Let's continue with the example. Table 7.1 in column "B" shows the values ​​of the parameters, in the column Std.Err.ofB - the values ​​of the standard errors of the parameters ( ), in the column t (77 - the number of degrees of freedom) the values ​​of t - statistics are calculated taking into account the number of degrees of freedom. To assess the statistical significance of the parameters, the calculated values ​​of t-statistics must be compared with the table value. The given level of significance (0.05) in the normal distribution table corresponds to t = 1.96. Since 18.02, 10.84, i.e. , one should recognize the statistical significance of the obtained parameter values, i.e. these values ​​are formed under the influence of non-random factors and reflect the trend of the relationship between the analyzed indicators.

To assess the statistical significance of the equation as a whole, we turn to the value of Fisher's F-test (see Table 7.1).
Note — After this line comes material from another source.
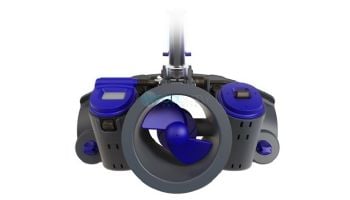 Kokido Vektro Orkka EV380 Cordless Pool Cleaner | EV380BRXUSXXKOK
The calculated value of the F-criterion = 117.51, the tabular value of the criterion, based on the corresponding number of degrees of freedom (for factor variance d.f. =1, for residual variance d.f. =77), is 4.00 (see Appendix .... .). Thus, , therefore, the regression equation as a whole is statistically significant. In such a situation, we can also talk about the statistical significance of the value of the coefficient of determination, i.e. The 60 percent variation in average per capita incomes of the population in the regions of Russia can be explained by the variation in the volume of gross regional product per capita.

By assessing the statistical significance of the regression equation and its parameters, we can get a different combination of results.

· Equation by F-test is statistically significant and all parameters of the equation by t-statistics are also statistically significant. This equation can be used both for making managerial decisions (which factors should be influenced in order to obtain the desired result), and for predicting the behavior of the result attribute for certain values ​​of the factors.

· According to the F-criterion, the equation is statistically significant, but the parameters (parameter) of the equation are insignificant. The equation can be used to make management decisions (concerning those factors for which the statistical significance of their influence is confirmed), but the equation cannot be used for forecasting.

· The F-test equation is not statistically significant. The equation cannot be used. The search for significant signs-factors or an analytical form of the connection between the argument and the response should be continued.

If the statistical significance of the equation and its parameters is confirmed, then the so-called point forecast can be implemented, i.e. an estimate of the value of the attribute-result (y) was obtained for certain values ​​of the factor (x).

It is quite obvious that the predicted value of the dependent variable, calculated on the basis of the relation equation, will not coincide with its actual value ( ). Graphically, this situation is confirmed by the fact that not all points of the correlation field lie on the regression line, only with a functional connection the regression line will pass through all points of the scatter diagram. The presence of discrepancies between the actual and theoretical values ​​of the dependent variable is primarily due to the very essence of the correlation dependence: at the same time, many factors affect the result, of which only a part can be taken into account in a specific relationship equation. In addition, the form of the relationship between the result and the factor (the type of regression equation) may be incorrectly chosen. In this regard, the question arises of how informative the constructed constraint equation is. This question is answered by two indicators: the coefficient of determination (it has already been discussed above) and the standard error of estimation.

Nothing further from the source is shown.